Federal Court of Australia

Shubha v Minister for Immigration, Citizenship and Multicultural Affairs [2024] FCA 115

Appeal from:

Shubha v Minister for Immigration, Citizenship, Migrant Services and Multicultural Affairs [2021] FCCA 1106

File number(s):

NSD 572 of 2021

Judgment of:

BROMWICH J

Date of judgment:

21 February 2024

Catchwords:

MIGRATION appeal from a decision of the former Federal Circuit Court of Australia dismissing an application for judicial review of a decision of the Administrative Appeals Tribunal – Tribunal decision affirmed a decision of a delegate of the Minister to refuse to grant the appellants a Skilled (Residence) (Class VB) visa – where no error by the primary judge identified – appeal dismissed with costs

Legislation:

Migration Regulations 1994 (Cth)

Cases cited:

VUAX v Minister for Immigration and Multicultural and Indigenous Affairs [2004] FCAFC 158; 238 FCR 588

O’Brien v Komesaroff (1982) 150 CLR 310

H v Minister for Immigration and Multicultural Affairs [2001] FCA 43

Branir Pty Ltd v Owston Nominees (No 2) Pty Ltd [2001] FCA 1833; 117 FCR 424

SZBEL v Minister for Immigration and Multicultural and Indigenous Affairs [2006] HCA 63; 228 CLR 152

SZFDE v Minister for Immigration and Citizenship [2007] HCA 35; 232 CLR 189

Briginshaw v Briginshaw [1938] HCA 34; 60 CLR 336

Minister for Immigration and Citizenship v SZLIX [2008] FCAFC 17; 245 ALR 501

Division:

General Division

Registry:

New South Wales

National Practice Area:

Administrative and Constitutional Law and Human Rights

Number of paragraphs:

18

Date of hearing:

21 February 2024

Counsel for the Appellants:

First Appellant appeared on behalf of all appellants

Counsel for the First Respondent:

Ms S Lloyd

Solicitor for the First Respondent:

MinterEllison

ORDERS

NSD 572 of 2021

BETWEEN:

MEHEDI HASAN SHUBHA

First Appellant

NOWRIN ZABIN TRESHA

Second Appellant

TAZRIAN HASAN ARIQ

Third Appellant

AND:

MINISTER FOR IMMIGRATION, CITZENSHIP, MIGRANT SERVICES AND MULTICULTURAL AFFAIRS

First Respondent

ADMINISTRATIVE APPEALS TRIBUNAL

Second Respondent

order made by:

BROMWICH J

DATE OF ORDER:

21 FEBRUARY 2024

THE COURT ORDERS THAT:

1.    The name of the first respondent be changed to Minister for Immigration, Citizenship and Multicultural Affairs.
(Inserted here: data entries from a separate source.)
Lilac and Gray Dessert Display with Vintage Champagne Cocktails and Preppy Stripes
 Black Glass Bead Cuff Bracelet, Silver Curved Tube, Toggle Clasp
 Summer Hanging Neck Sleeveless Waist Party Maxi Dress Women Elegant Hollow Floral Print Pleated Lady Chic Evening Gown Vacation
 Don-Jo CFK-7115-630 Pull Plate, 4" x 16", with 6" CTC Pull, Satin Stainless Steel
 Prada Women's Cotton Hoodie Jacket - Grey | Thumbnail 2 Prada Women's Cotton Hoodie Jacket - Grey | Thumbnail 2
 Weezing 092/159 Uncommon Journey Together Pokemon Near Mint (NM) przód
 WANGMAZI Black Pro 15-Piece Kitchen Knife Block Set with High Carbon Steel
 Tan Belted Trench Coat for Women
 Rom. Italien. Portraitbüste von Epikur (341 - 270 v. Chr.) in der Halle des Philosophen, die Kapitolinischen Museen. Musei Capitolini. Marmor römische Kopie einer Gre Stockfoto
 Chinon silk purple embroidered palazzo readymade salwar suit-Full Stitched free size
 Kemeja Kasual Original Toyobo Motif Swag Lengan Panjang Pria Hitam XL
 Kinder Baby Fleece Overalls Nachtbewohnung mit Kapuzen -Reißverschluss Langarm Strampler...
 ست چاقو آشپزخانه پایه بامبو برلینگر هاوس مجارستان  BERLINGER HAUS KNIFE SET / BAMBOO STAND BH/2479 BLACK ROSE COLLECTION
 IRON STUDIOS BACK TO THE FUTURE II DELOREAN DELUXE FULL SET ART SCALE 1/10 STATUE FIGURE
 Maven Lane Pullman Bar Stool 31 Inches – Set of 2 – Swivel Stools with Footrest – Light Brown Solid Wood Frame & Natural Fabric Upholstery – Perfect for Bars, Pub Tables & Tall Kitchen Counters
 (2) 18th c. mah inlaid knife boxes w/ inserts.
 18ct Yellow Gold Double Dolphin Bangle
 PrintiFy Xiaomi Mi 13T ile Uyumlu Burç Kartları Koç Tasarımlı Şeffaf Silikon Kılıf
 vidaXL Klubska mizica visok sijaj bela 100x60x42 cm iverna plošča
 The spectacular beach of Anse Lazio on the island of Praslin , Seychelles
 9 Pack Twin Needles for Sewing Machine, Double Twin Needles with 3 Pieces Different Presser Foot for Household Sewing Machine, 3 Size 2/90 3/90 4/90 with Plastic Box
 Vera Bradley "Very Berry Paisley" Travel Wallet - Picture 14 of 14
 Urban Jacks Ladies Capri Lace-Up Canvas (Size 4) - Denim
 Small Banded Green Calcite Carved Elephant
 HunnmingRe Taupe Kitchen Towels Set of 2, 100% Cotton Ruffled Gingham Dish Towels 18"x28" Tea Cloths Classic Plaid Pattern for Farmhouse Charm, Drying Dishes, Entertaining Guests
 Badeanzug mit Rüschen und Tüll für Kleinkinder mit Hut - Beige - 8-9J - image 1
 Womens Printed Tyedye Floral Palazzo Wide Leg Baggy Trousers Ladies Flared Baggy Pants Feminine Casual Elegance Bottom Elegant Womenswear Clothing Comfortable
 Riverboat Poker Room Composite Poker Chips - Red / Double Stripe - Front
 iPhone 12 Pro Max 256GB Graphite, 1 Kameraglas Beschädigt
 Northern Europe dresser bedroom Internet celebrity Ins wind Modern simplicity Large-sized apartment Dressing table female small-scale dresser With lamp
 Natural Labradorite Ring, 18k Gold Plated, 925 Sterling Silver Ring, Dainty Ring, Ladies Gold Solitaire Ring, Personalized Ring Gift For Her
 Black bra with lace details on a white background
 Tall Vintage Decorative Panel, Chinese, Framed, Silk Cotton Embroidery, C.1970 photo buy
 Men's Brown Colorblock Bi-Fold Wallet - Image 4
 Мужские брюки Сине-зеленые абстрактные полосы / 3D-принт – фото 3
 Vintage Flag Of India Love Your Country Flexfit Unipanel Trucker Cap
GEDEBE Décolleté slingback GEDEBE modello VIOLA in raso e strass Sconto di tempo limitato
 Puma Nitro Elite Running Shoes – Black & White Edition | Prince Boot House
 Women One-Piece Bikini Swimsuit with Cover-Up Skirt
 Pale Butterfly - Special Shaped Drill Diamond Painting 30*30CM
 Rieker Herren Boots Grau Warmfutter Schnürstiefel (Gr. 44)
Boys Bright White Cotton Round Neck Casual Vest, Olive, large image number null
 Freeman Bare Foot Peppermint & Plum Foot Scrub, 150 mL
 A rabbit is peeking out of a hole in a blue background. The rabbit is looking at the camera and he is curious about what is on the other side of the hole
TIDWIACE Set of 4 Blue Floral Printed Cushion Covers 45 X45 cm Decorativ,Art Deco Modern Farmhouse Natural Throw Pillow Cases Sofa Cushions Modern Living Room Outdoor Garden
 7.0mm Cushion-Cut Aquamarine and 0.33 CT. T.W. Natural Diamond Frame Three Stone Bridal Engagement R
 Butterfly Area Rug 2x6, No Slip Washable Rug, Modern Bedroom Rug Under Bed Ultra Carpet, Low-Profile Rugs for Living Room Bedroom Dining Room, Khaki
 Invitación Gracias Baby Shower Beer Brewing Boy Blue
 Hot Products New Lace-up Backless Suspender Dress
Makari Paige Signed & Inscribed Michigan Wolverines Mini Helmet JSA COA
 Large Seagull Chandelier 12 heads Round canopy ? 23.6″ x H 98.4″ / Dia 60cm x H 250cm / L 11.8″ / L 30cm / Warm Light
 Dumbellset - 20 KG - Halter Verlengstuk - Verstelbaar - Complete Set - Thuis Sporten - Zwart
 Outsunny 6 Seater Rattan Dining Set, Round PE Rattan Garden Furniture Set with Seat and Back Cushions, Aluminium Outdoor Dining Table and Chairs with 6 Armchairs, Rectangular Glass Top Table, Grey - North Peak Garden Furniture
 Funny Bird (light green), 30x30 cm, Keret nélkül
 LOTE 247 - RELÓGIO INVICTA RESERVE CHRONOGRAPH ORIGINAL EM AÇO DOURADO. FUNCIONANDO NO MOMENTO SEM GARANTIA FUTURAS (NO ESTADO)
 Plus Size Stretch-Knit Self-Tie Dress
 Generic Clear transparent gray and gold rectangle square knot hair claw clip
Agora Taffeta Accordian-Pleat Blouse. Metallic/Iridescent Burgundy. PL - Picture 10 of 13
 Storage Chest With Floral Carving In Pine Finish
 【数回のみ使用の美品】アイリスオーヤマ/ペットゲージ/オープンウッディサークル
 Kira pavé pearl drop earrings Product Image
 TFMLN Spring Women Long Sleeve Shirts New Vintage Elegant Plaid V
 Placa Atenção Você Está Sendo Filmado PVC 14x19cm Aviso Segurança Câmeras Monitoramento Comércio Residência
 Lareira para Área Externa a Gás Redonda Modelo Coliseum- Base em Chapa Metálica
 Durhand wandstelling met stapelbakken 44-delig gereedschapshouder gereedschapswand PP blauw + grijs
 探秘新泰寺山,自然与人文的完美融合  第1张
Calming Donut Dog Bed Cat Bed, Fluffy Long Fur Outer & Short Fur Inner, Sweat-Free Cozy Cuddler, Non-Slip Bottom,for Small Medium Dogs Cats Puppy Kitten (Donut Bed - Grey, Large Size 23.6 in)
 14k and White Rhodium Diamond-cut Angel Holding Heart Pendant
2.    The appeal be dismissed.

3.    The first and second appellants pay the first respondent’s costs as assessed or agreed.

Note:    Entry of orders is dealt with in Rule 39.32 of the Federal Court Rules 2011.

REASONS FOR JUDGMENT

BROMWICH J:

1    This is an appeal from orders made by a judge of the Federal Circuit Court of Australia, now Division 2 of the Federal Circuit and Family Court of Australia, dismissing an application for judicial review of a decision of the second respondent, the Administrative Appeals Tribunal. The Tribunal affirmed a decision of a delegate of the first respondent, now known as the Minister for Immigration, Citizenship and Multicultural Affairs, to refuse the grant of Skilled (Residence) (Class VB) visas to the appellants.

2    The first appellant, Mr Mehedi Hasan Shubha, was the primary visa applicant. The second and third appellants are his wife and child, respectively. At first instance, the first and second appellants’ younger child was listed as a fourth applicant, however he was removed following observations the was not a party to the Tribunal’s decision.

3    The reason for the Tribunal’s affirmation of the delegate’s refusal of the visas was that an indispensable criterion for the grant of the visas, namely Mr Shubha passing an English language test to a stipulated level of proficiency in the two years before the visa application was made was not met, because the only identified test result identified by him was just outside of the necessary two-year period and below the required level in all four components of speaking, reading, writing and listening. Mr Shubha’s response was that he was misled by his migration agent and thought that his test results were sufficient. In these circumstances, it is obvious that the visas were never going to be granted, and that there was no error, let alone jurisdictional error in refusing to grant them.

4    The appellants are citizens of Bangladesh. On 9 November 2011, Mr Shubha applied for the visas. The second appellant was included in this application as a member of the family unit, and the third appellant was added to the application as a member of the family unit after his birth, in 2014. Mr Shubha is the only active participant in the proceeding.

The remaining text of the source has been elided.